I know. Weird, but Delaware corporate law is tilted toward the needs and desires of corporations. I guess the DOJ tries to fight for equitable outcomes, and Delaware tries for outcomes that will encourage corporations to want to incorporate there.
The decision came in for criticism on a number of grounds, by the way, and there was a dissent filed, in which I note "Judge Alito concurred" basically saying that there was no need to articulate a new test for reasonableness under Section 328 of the Bankruptcy Code, the court should have just said that there is no per se ban on indemnification, that it should be determined case by case and that the court should have outlined how to do that. And the dissent took exception in another respect:
Additionally, the dissent questioned why the court had focused on Delaware law applicable to directors, when Delaware law did not govern the agreement, and the relationship was not between a company and its directors, but between a company and its financial advisors. With respect to the latter point, it should be noted that there has been some criticism of the decision because of the Third Circuit’s attempt to analogize the duties of directors of solvent companies with those of financial advisors to insolvent companies. Critics have questioned whether this analogy represents an erosion of the high standards that were required of a debtor’s fiduciaries in the past.
See what I mean about Delaware?
What I understand from this research is that the Department of Justice's US Trustee's Office has an uphill climb in that state, where most corporations like to be formed, precisely because of the favorable corporate conditions there. Yet, despite all that, in the SCO bankruptcy, the US Trustee did manage to get the indemnification clause removed from the agreement with the temp agency, CFO Solutions.
Oh, that's not the end of the story about that financial services company at the heart of the United Artists Theatre Company decision.
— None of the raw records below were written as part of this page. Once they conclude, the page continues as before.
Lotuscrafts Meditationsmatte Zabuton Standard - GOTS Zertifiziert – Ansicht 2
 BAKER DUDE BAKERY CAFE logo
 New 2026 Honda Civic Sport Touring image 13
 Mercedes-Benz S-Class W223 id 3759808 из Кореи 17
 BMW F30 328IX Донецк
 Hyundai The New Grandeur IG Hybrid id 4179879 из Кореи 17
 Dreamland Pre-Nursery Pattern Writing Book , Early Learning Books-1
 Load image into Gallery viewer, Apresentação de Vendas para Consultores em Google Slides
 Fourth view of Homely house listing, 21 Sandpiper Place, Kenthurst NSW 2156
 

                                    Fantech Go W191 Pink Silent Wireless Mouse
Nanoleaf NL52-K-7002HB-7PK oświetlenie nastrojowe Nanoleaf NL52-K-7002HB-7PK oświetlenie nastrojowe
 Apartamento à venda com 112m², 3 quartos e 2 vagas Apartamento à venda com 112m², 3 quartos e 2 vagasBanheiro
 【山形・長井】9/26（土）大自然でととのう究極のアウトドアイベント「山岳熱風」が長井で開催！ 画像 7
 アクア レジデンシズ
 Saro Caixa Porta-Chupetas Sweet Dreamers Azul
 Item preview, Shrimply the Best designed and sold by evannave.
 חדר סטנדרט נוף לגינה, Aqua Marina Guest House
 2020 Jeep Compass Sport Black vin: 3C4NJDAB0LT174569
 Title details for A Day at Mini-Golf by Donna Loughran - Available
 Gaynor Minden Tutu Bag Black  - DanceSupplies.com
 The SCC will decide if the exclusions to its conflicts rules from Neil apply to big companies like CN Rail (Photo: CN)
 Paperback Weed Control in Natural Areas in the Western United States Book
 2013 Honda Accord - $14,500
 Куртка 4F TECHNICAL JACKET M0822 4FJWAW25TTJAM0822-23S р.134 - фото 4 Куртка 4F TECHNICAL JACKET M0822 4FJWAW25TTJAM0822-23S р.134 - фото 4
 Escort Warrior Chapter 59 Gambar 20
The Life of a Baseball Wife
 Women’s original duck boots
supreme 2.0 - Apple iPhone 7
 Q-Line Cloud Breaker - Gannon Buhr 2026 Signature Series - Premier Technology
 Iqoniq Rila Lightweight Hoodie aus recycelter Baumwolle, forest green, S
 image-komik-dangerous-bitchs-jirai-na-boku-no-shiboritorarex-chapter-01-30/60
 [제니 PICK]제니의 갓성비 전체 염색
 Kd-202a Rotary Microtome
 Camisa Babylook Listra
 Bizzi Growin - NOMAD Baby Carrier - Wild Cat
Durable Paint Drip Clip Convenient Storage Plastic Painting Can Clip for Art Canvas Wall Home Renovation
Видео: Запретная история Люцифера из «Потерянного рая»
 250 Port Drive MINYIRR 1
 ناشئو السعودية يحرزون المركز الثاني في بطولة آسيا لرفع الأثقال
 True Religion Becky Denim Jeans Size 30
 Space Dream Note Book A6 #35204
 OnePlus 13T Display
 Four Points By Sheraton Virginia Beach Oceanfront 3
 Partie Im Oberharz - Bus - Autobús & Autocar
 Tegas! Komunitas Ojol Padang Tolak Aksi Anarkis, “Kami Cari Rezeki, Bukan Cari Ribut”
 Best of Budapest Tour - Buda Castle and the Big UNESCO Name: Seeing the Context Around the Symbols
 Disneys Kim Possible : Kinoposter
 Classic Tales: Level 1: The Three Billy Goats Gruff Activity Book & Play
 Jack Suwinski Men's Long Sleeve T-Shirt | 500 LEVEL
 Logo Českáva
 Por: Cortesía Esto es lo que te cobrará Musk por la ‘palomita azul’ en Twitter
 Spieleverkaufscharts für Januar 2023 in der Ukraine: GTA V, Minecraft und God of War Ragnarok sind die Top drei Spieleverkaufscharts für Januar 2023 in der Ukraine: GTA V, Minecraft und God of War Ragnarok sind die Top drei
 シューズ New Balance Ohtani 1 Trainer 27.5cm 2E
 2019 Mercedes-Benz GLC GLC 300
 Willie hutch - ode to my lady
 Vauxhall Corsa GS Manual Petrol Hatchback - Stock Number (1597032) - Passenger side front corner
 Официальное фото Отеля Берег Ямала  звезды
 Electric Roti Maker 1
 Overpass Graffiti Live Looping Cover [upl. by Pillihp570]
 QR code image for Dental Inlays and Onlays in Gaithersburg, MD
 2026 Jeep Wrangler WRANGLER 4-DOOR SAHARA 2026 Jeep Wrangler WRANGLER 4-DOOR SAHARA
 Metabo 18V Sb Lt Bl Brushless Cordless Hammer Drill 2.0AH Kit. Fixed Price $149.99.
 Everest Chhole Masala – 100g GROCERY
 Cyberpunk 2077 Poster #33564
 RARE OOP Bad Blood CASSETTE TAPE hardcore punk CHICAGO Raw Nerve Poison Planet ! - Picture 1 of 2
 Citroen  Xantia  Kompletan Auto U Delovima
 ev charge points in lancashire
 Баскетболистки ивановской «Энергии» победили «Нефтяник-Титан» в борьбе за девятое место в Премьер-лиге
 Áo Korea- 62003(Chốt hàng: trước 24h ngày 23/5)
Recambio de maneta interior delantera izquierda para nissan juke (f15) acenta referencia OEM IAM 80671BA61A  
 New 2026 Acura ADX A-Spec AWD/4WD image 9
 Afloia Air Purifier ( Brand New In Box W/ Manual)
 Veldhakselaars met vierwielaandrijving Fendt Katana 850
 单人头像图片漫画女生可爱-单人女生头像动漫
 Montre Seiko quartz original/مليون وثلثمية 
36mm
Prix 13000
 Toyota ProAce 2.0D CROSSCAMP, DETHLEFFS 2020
Here's a 2005 ruling from the appeals court for the Tenth Circuit -- you know, Utah's circuit -- involving the same financial services firm, Houlihan Lokey, only this time it got its wings clipped after it filed a bill in bankruptcy court that the US Trustee, among others, thought was unreasonable. You'll enjoy reading it, I think. And it will likely increase your respect for the US Trustee's instinct in the United Artists Theatre case, objecting to hiring that firm, or at least that was my reaction on reading how the firm put in a bill in the Tenth Circuit case for $1,920,967.74, tried to avoid providing an hourly breakdown to justify it, and when it did do a breakdown, the hourly rate was startlingly high:
Houlihan's requested fees during the first retention period amounted to $613.96 per hour, while its requested fees during the second retention period amounted to $1,173.99 per hour.
They said they were better than other firms providing financial services.
Can you think of any job in the world that is worth paying someone $1,173.99 an hour? Anyway, the court chopped about a million off their bill, and the appeals court said that was fine with them.
So now I think I get it. The court may order that a firm get up to such and such an amount, but when the actual bills come in, they may or may not be deemed to be reasonable. And if the bill is outrageous, or as the court would put it unreasonable, the bankruptcy court can reduce it or deny it.